By Tonderayi Mukeredzi

HARARE, June 26 (Thomson Reuters Foundation) - With increasingly extreme weather taking a toll on farming and incomes, Zimbabwe has released a trio of climate change policies designed to make the country more resistant to climate pressures and help it meet its international carbon-cutting pledges.

The Child Friendly Climate Policy is designed to educate school children about climate change and promote climate-friendly practices, such as protection of forests and wetlands and broader use of low-emissions technologies.

A new Climate Smart Agriculture Policy, meanwhile, focuses on ensuring farmers and agricultural advisers adopt climate-hardy farming practices.

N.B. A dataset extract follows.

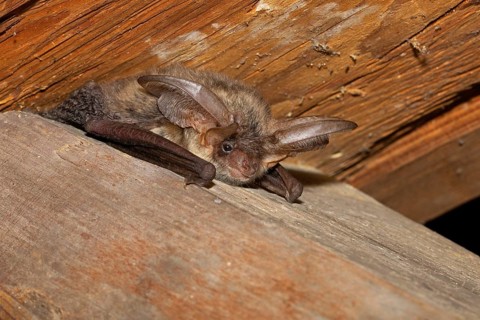 Brown long-eared bat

And the country's first overall National Climate Policy aims to help Zimbabwe put in place the legal structures needed to guide businesses on becoming greener to meet its emissions-cutting promises under the international Paris Agreement, said Washington Zhakata, climate change management director in the Ministry of Environment, Climate and Water.

"The National Climate Policy is the first step towards achieving this," he told the Thomson Reuters Foundation in an interview.

ADAPTING TO LESS WATER

Tirivanhu Muhwati, a climate scientist with the Ministry of Environment, Climate and Water, said the national policy will also focus heavily on adaptation to climate pressures, as most of the country's communities are rural and depend on agriculture even as droughts intensify.

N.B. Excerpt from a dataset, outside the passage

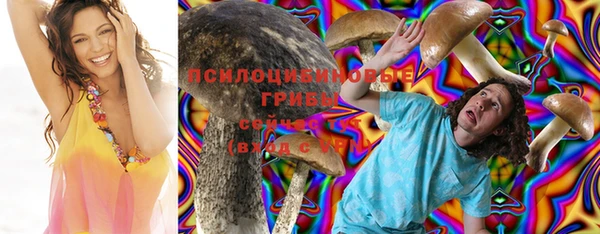 mdma Осташков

"The policy has a thrust towards promoting adaptation because, as a developing country, our scope for mitigation or reducing emissions is limited because we are not all that industrialised compared to the developed world," he said.

Approximately 80 percent of Zimbabwe's rural people depend on rainfed agriculture for a living, making them highly vulnerable to more extreme weather associated with climate change, said Environment, Water and Climate Minister Oppah Muchinguri Kashiri, at the launch of the policies this month.

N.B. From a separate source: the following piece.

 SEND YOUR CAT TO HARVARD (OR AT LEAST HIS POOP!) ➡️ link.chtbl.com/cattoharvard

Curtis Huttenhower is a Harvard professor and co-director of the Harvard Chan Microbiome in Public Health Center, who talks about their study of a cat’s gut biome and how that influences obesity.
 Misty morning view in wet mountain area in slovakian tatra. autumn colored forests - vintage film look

According to the country's submissions to the United Nations Framework Convention on Climate Change, most of Zimbabwe's climate-changing emissions come from burning fossil fuels for energy, from agricultural production, and from waste handling and industrial processes.

The new climate change policy aims to help cut emissions by industry, energy producers, agriculture, and deforestation, among other sources.

Muhwati described the Child Friendly Climate Policy as a version of the national climate change policy meant to help students understand climate change issues and also to promote climate friendly practices among young people.

The policy comes on top of other recent efforts to add climate change issues into the new national school curriculum, said Muhwati.

The Climate Smart Agriculture Policy, meanwhile, aims to help university professors and agriculture extension advisers pass on up-to-date information on agricultural practices capable of standing up to climate threats, from worsening drought to flooding.

"It aims to introduce a wholesome change in the way we do our agriculture. The best way to do this is through our agricultural colleges and universities," Muhwati said.

PUT TO WORK?

Peter Makwanya, a communications lecturer at Zimbabwe Open University and a writer on climate change communications issues, said all the three policies could help the country better deal with climate change – but only if they are actually put into practice.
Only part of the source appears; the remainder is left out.